Standing Up for Security and Privacy

Yesterday Tim Cook, the CEO of Apple posted a letter to their customers on Apple.com. It details how the FBI wants to Apple to create a way to investigate an encrypted iPhone, and the dilemma Apple is facing in doing so.

If Apple is forced to comply with the order to create a backdoor through their security there will be no way to ever ensure again, that your digital security and privacy is protected.

If you’re an American and reading this you might be thinking that you don’t have anything to hide from the US government.

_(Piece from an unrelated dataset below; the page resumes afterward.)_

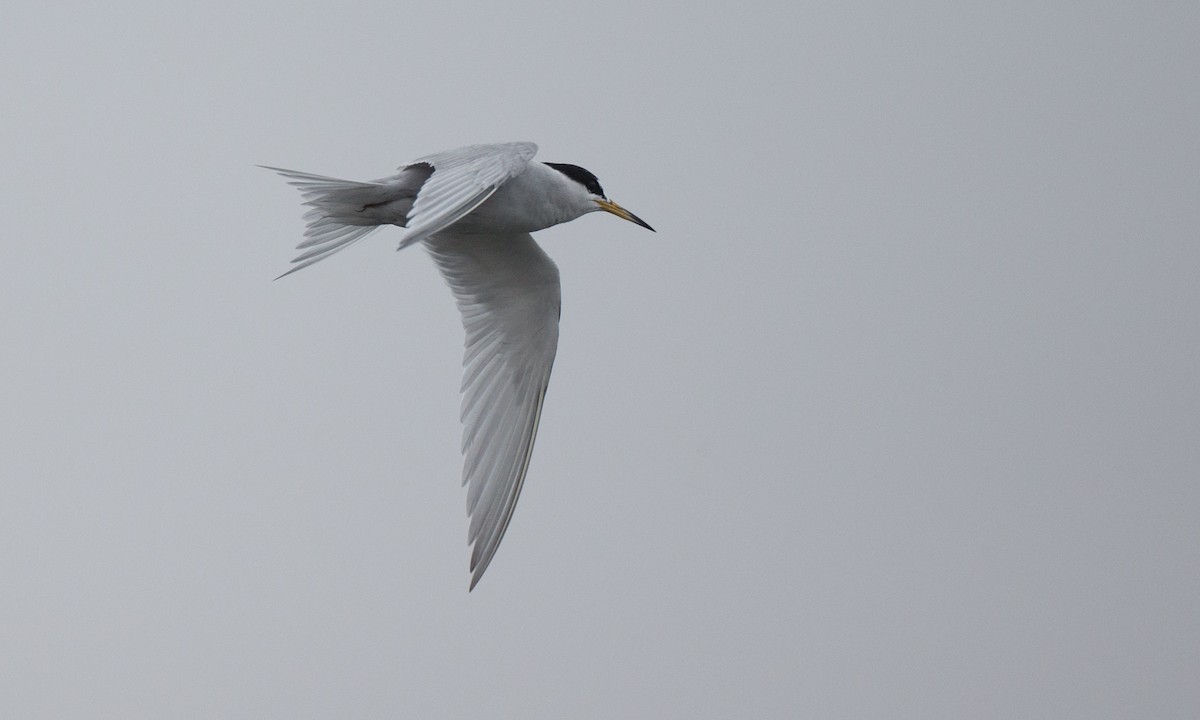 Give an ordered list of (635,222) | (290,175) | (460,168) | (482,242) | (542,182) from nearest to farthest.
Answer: (460,168) < (290,175) < (542,182) < (635,222) < (482,242)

Maybe you’re not ashamed of anything you’ve ever done, that’s fair. But if you said that, I would quickly point out that in June of 2015 all my personal identity information was hacked and stolen from the US government along with 21 million other Americans’ personal identity information (presumably by the Chinese government, though that’s not confirmed). That includes my Social Security Number, the address of every house I’ve ever lived in, my entire work history, and even my fingerprints. Yes, all my identity information that was used to grant me security clearance by the FBI (the same FBI that wants access to iPhones) was leaked from the US government into the hands of some hackers. Here is the letter that the US government sent me regarding the issue.

Dear David Mead:

As you may know, the Office of Personnel Management (OPM) was the target of a malicious cyber intrusion carried out against the U.S. Government, which resulted in the theft of background investigation records.

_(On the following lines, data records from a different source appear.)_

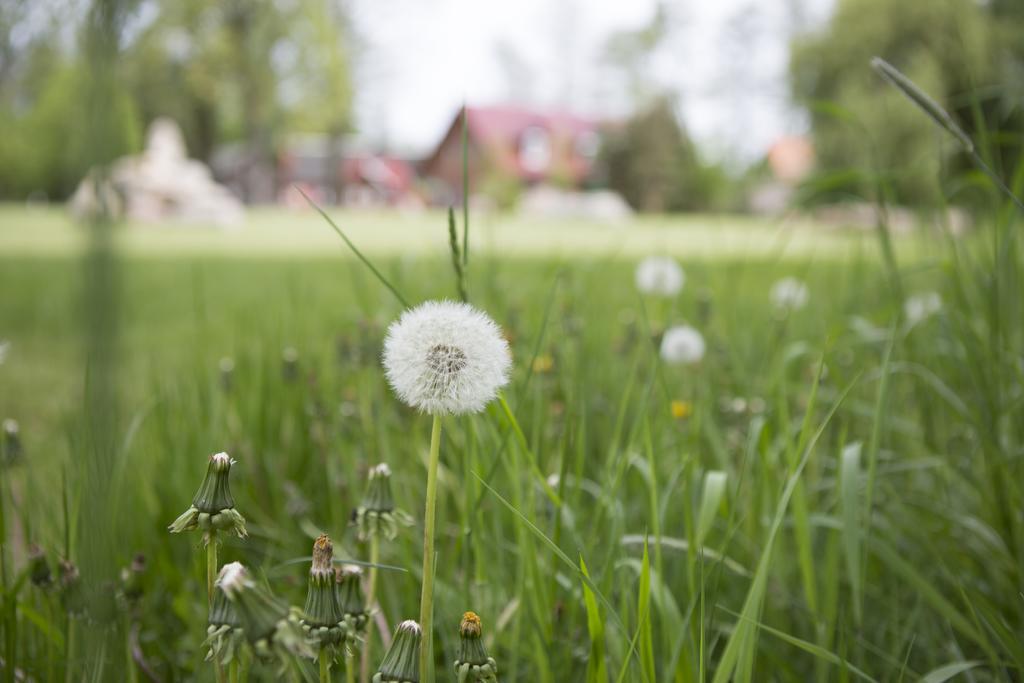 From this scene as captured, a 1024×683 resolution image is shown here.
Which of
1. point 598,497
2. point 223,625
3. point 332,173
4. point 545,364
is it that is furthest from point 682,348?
point 332,173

You are receiving this notification because we have determined that your Social Security Number and other personal information was included in the intrusion. As someone whose information was also taken, I share your concern and frustration and want you to know that we are working hard to help those impacted by this incident. The Federal government will provide you and your dependent minor children with comprehensive identity theft protection and monitoring service, at no cost to you.

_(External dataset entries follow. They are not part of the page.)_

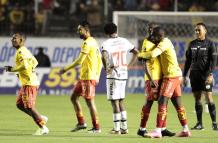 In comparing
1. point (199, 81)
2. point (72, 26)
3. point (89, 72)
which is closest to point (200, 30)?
point (199, 81)

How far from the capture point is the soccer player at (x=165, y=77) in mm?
15508

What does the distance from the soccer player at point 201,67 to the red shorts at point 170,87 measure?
76.7 inches

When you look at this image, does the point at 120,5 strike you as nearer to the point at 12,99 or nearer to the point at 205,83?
the point at 12,99

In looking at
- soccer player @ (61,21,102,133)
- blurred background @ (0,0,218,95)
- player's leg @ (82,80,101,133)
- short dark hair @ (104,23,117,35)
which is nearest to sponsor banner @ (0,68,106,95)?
blurred background @ (0,0,218,95)

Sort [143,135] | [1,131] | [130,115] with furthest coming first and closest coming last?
[130,115]
[1,131]
[143,135]

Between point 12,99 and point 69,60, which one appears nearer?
point 12,99

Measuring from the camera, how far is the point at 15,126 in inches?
727

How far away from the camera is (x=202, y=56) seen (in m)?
18.1

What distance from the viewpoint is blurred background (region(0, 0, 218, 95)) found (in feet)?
96.3

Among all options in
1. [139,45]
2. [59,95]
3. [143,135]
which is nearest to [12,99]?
[59,95]

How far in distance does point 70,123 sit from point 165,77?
4.11 metres

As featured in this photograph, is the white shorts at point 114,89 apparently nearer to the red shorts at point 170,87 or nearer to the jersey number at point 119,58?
the jersey number at point 119,58

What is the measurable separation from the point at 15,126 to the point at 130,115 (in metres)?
4.18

Since you applied for a position or submitted a background investigation form, the information in our records may include you name, Social Security number, address, date and place of birth, residency, educational, and employment history, personal foreign travel history, information about immediate family as well as business and personal acquaintances, and other information used to conduct and adjudicate your background investigation.

Our records also indicate you fingerprints were likely compromised during the cyber intrusion. Federal experts believe the ability to misuse fingerprint data is currently limited. However, this could change over time as technology evolves. Therefore, we are working with law enforcement and national security experts to review the potential ways fingerprint data could be misused now and in the future, and will seek to prevent such misuse. If new means are identified to misuse fingerprint data, additional information and guidance will be made available.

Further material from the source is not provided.